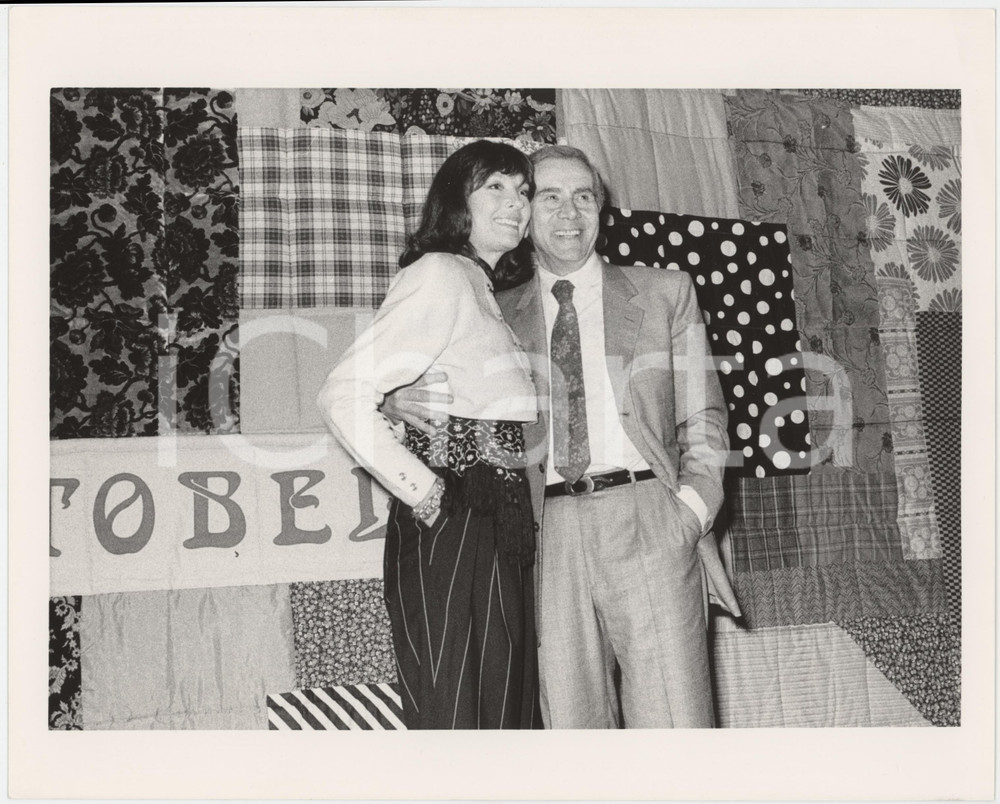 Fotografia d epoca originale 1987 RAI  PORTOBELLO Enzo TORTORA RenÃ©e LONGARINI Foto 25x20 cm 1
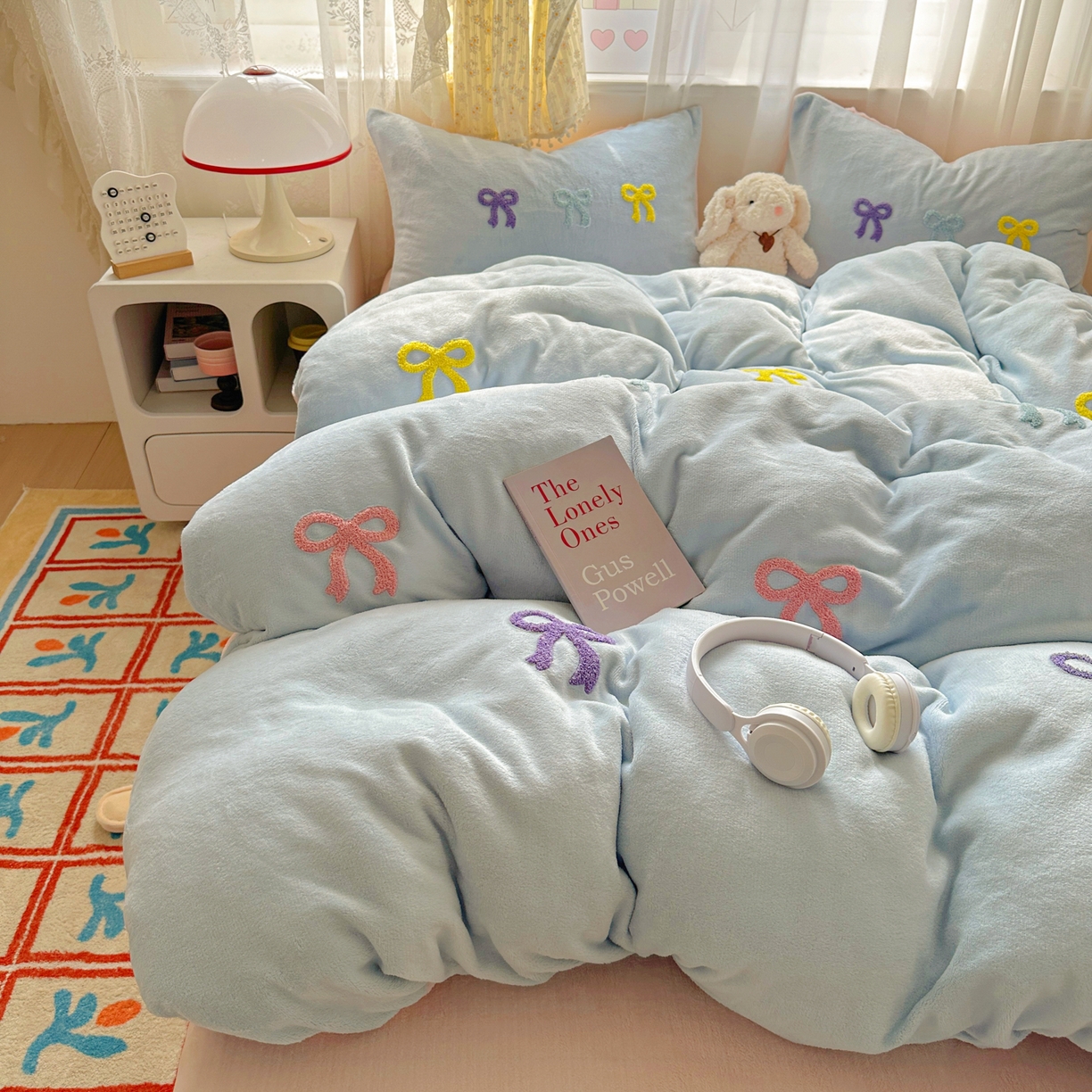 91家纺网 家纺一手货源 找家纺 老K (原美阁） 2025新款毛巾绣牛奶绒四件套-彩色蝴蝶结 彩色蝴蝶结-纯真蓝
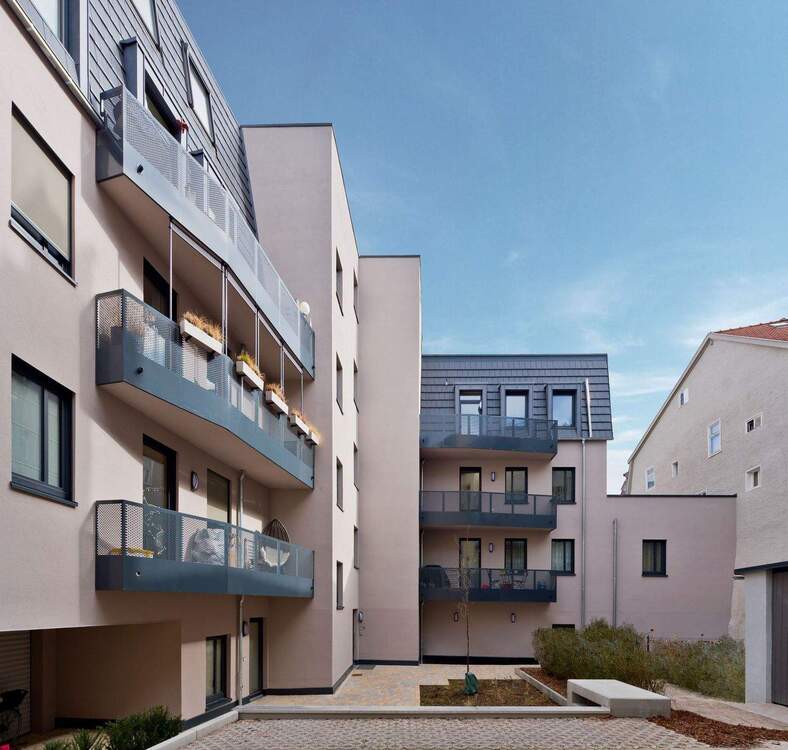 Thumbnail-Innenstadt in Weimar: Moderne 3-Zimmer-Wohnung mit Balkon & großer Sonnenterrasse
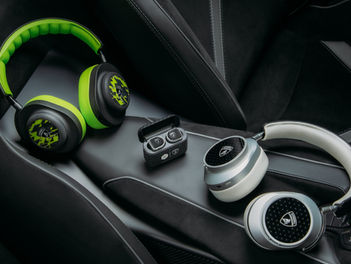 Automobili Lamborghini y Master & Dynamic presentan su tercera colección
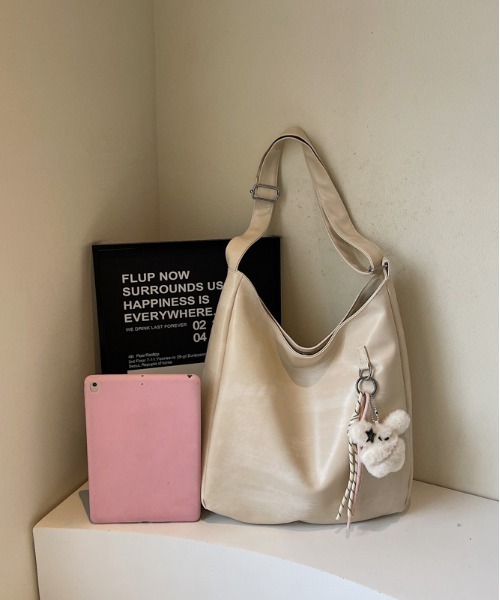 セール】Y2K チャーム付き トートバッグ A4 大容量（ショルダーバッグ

==*==

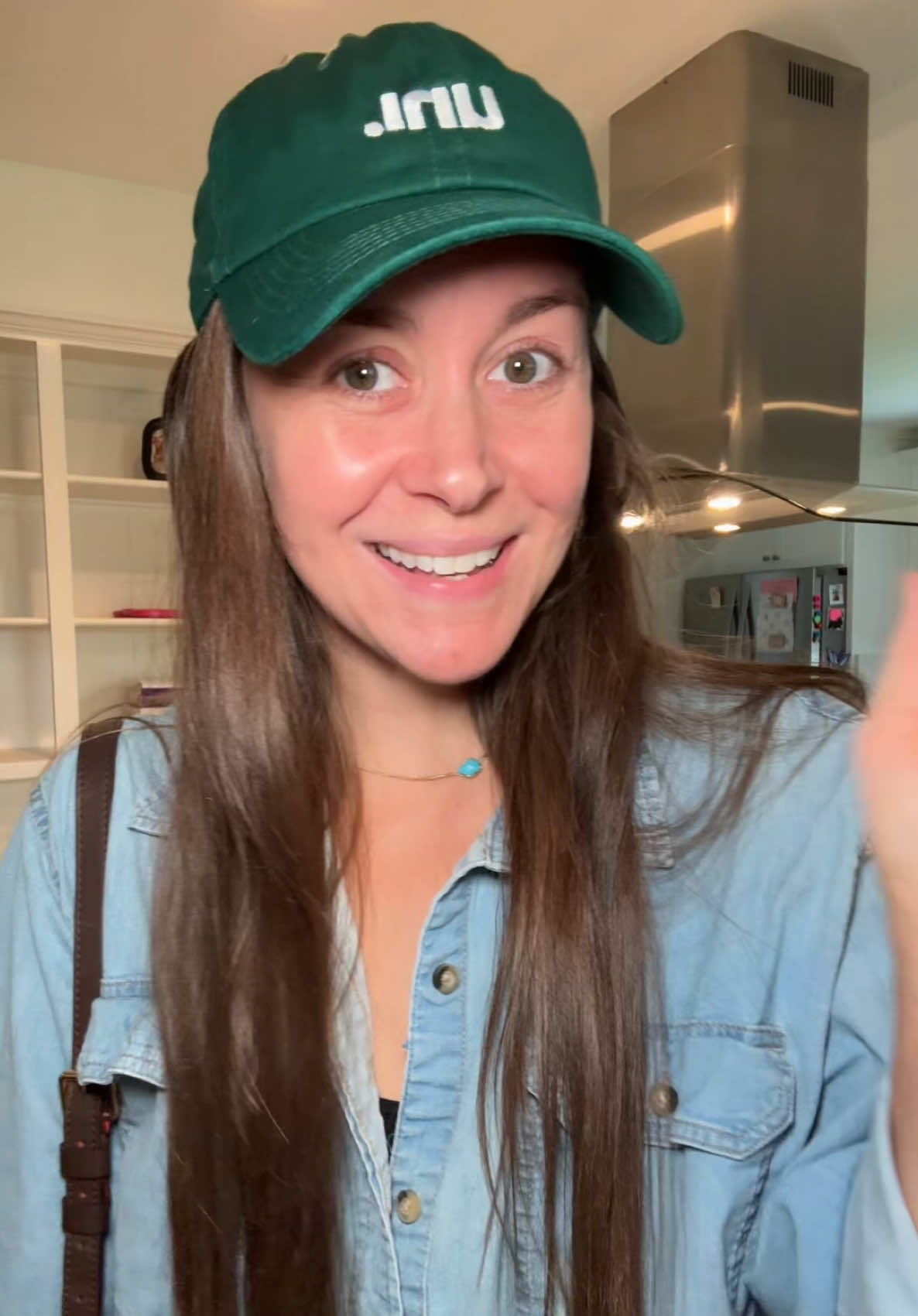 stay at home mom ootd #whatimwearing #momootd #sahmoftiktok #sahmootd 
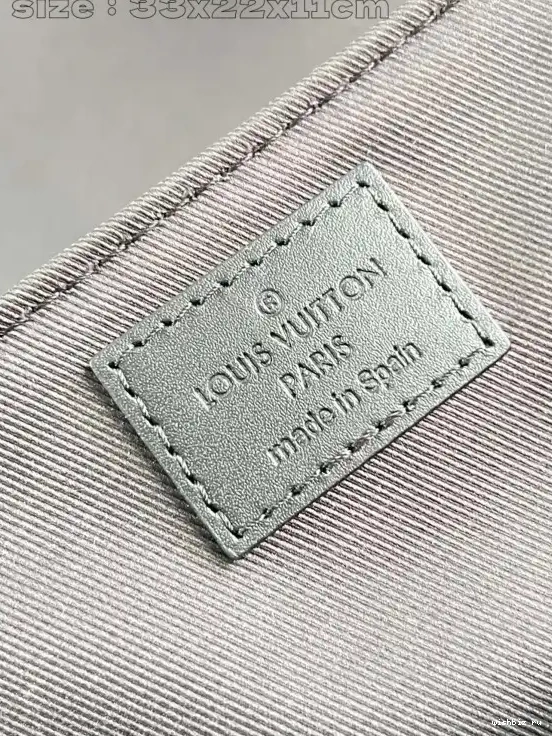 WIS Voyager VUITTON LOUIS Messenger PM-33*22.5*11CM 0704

==*==

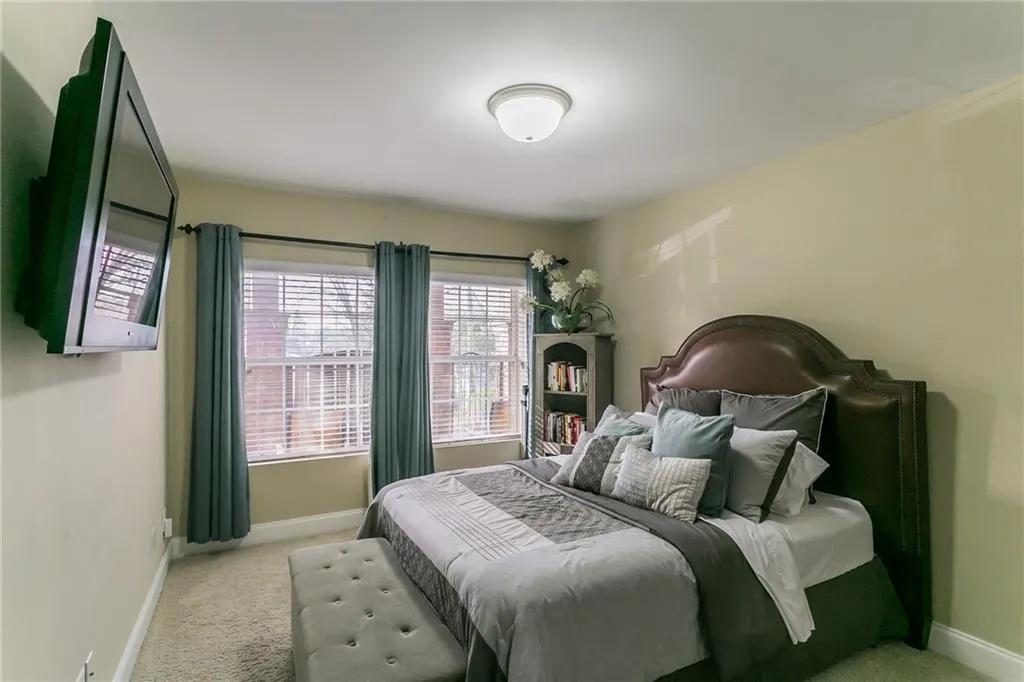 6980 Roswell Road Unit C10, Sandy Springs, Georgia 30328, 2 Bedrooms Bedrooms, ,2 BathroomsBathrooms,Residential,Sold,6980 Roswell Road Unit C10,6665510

==*==

» Activity: With the pictures left out, write out exactly the lines above from the one containing "Fotografia d epoca" through the one containing "セール】Y2K チャーム付き トートバッグ A4 大容量（ショルダーバッグ".

» Solution:
 Fotografia d epoca originale 1987 RAI  PORTOBELLO Enzo TORTORA RenÃ©e LONGARINI Foto 25x20 cm 1
 91家纺网 家纺一手货源 找家纺 老K (原美阁） 2025新款毛巾绣牛奶绒四件套-彩色蝴蝶结 彩色蝴蝶结-纯真蓝
 Thumbnail-Innenstadt in Weimar: Moderne 3-Zimmer-Wohnung mit Balkon & großer Sonnenterrasse
 Automobili Lamborghini y Master & Dynamic presentan su tercera colección
 セール】Y2K チャーム付き トートバッグ A4 大容量（ショルダーバッグ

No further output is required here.